ナイト・ミュージアム ★★★

NIGHT AT THE MUSEUM
2007 ヴィスタサイズ 108分
TOHOシネマズ二条


 50年ほどまえ、エジプトから謎の石版が搬入されてからというもの、自然史博物館は夜になると、展示物たちが自由に動き出すのだった。夜警に採用されたダメ男の運命は・・・

 明らかに「ジュマンジ」を意識した映画で、いかにもファミリー向けの作風だが、博物館内で発生する軍事紛争を収束したり、アメリカ大統領がネイティブ・アメリカンの気丈な娘に恋したりと、案外メッセージ性の強いファンタジーである。偉人には、生まれつきの偉人と、”なりゆき”の偉人の二種類があるんだと説く教育映画でもある。”なりゆき”という訳が適切かどうか疑問もあるが、誰しもがすべきことを為すべきときに行うことができれば、偉人になれるという程度の意味だろう。

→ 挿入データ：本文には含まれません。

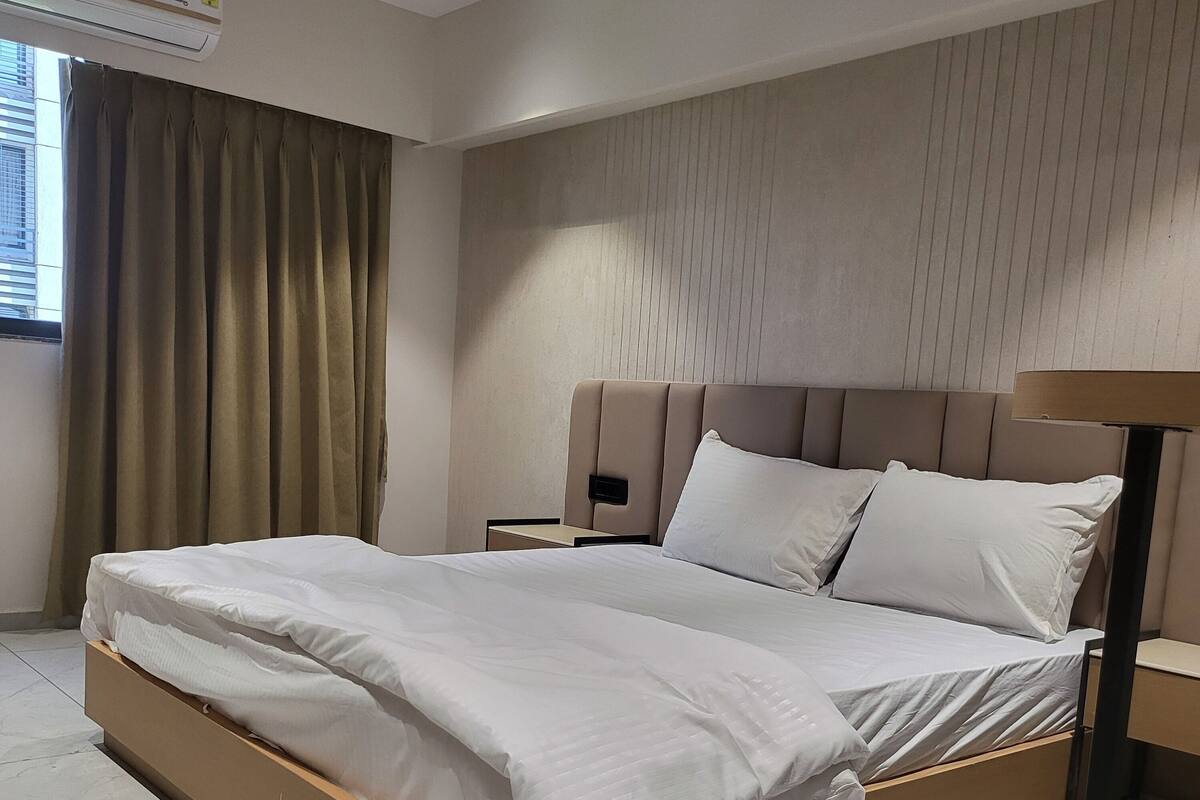 A modern bedroom with a large bed, a nightstand, a lamp, and a window with curtains.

バツイチで息子にもバカにされている一介の夜警が一夜づけの知識と機知を駆使して事態を収束させてゆく後半部分がそれなりに見所に仕上げられている。

 カウボーイを演じるオーウェ・ウィルソンの惚けた味わいが楽しいし、夜の間は自在に動き回っていた展示物たちが日が昇るとただの蝋人形に戻ってゆく場面に漂う一抹の物悲しさの演出などに案外筋の良さを見せており、ちょっと「グレムリン2」なども懐かしく思い出させてくれる。